Wednesday was a pretty quiet day on Wall Street, as market participants generally shrugged off the latest news from monetary policymakers about the future course of interest rates. The Federal Open Market Committee's latest meeting minutes got released, but they largely confirmed what most investors had already suspected: The Fed isn't concerned about inflation and seems poised to slow in its efforts to shrink its balance sheet following unprecedented quantitative easing during and after the financial crisis. That was received generally neutrally by the market, but some stocks had bad news that sent their share prices lower. Southwest Airlines (NYSE:LUV), The Trade Desk (NASDAQ:TTD), and Wix.com (NASDAQ:WIX) were among the worst performers. Here's why they did so poorly.

Southwest sees some turbulence

Shares of Southwest Airlines fell nearly 6% following two pieces of bad news. First, the airline giant issued a warning about its first-quarter sales projections, arguing that the government shutdown will cost the company about $60 million in lost revenue. That's much larger than its previous estimate of the shutdown's impact, and Southwest also reduced its estimated growth in operating revenue per available seat mile by a percentage point to a new range of 3% to 4%. In addition, analysts at Goldman Sachs cut their rating on Southwest from neutral to sell, reducing their price target by $12 to $54 per share on worries that the costs of expanding to include Hawaii service in its route map could prove excessive. Between that and potential problems with weight-and-balance regulations and maintenance issues, Southwest is seeing a lot of trouble all at once.

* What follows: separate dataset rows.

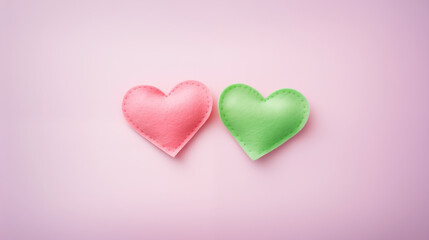 Handmade green and pink fabric hearts on a white background. Love, Valentine's Day, hobby, concept.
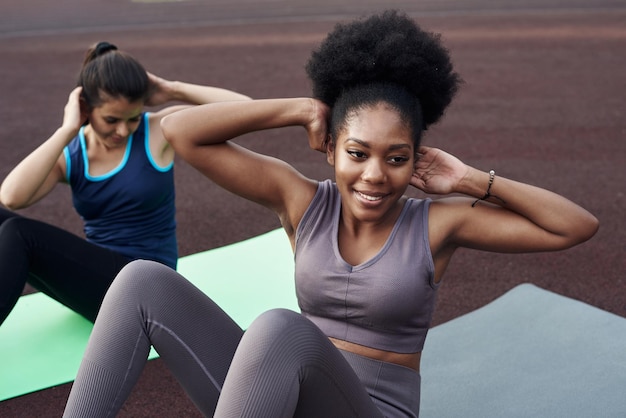 Twee jonge verschillende vrouwen gaan sporten buiten in het stadion ab crunches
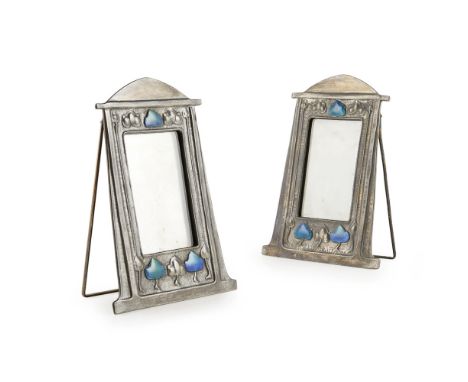 ATTRIBUTED TO LIBERTY & CO., LONDON  PAIR OF ARTS & CRAFTS PEWTER AND ENAMEL PHOTOGRAPH FRAMES, CIRCA 1900   each cast with s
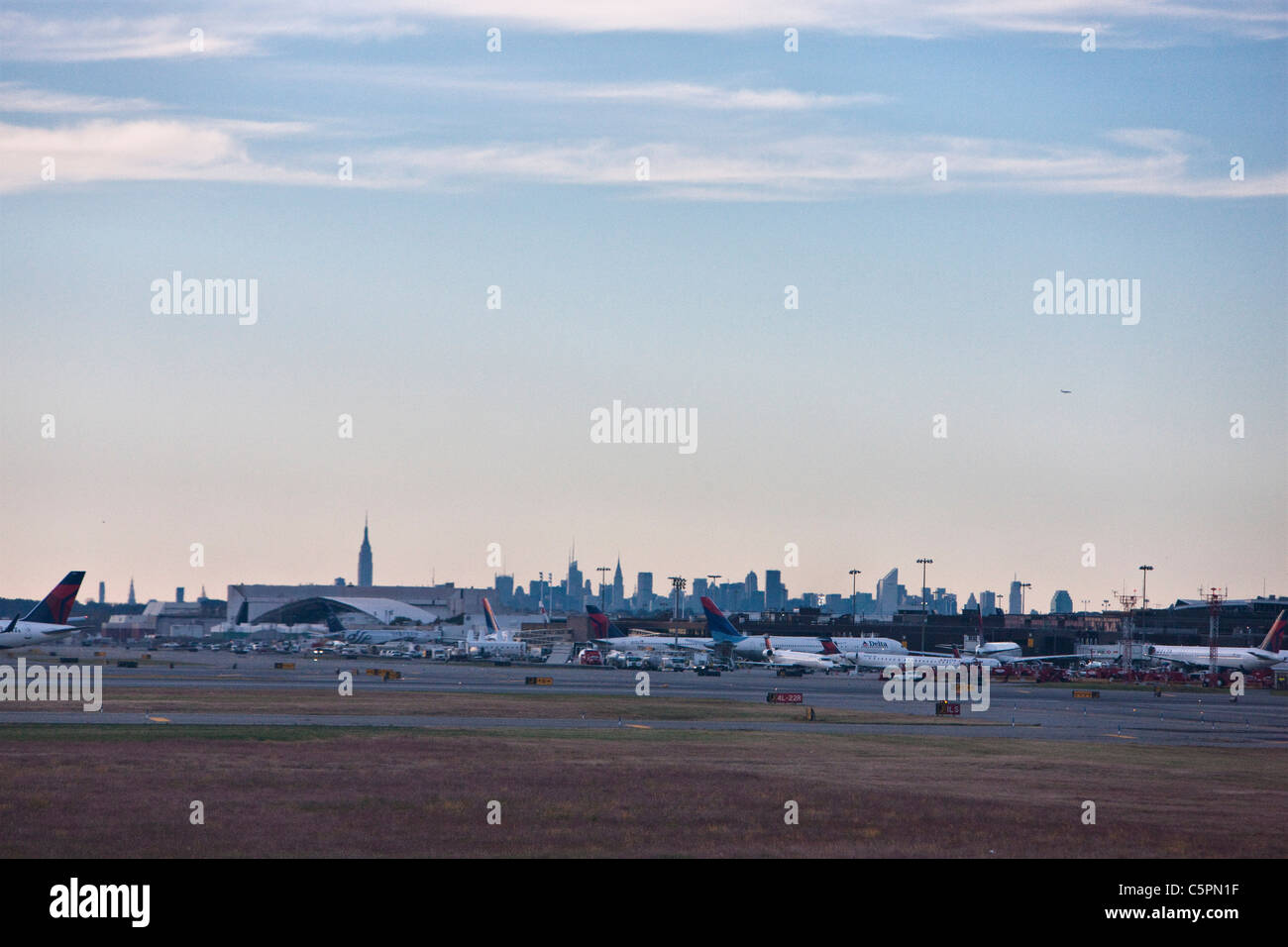 Manhattan skyline seen from John F. Kennedy International Airport with planes at their terminal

Southwest aircraft on airport tarmac in a desert climate.

Image source: Southwest Airlines.

The Trade Desk takes a tumble

The Trade Desk saw its shares fall 7% after getting negative comments from stock analysts. Stifel was the culprit this time, cutting its rating on the programmatic advertising specialist from buy to hold and citing the big increase in the stock price as a reason for caution going forward. The Trade Desk is due to report its latest earnings on Thursday, and the company has a history of being somewhat conservative with its guidance. That could spook optimistic investors, and the downgrade sent the stock lower despite Stifel's assertion that it still finds the company's long-term prospects attractive and would be likely to buy shares if they fall considerably from recent levels.

Wix can't live up to expectations

Finally, shares of Wix.com dropped almost 12%. The website facilitator reported its fourth-quarter financial results, and they were largely strong, with revenue climbing 39% on a 67% rise in free cash flow. Adjusted earnings per share more than doubled from year-ago levels, topping the consensus forecast among investors. But what seemed to spook shareholders was Wix's guidance for 2019, which included projected full-year revenue growth of 25% to 26%. That's a considerable slowdown, and despite its assertions that its product lineup remains healthier than ever, Wix will have to convince investors that it can grow as quickly as possible as long as it can.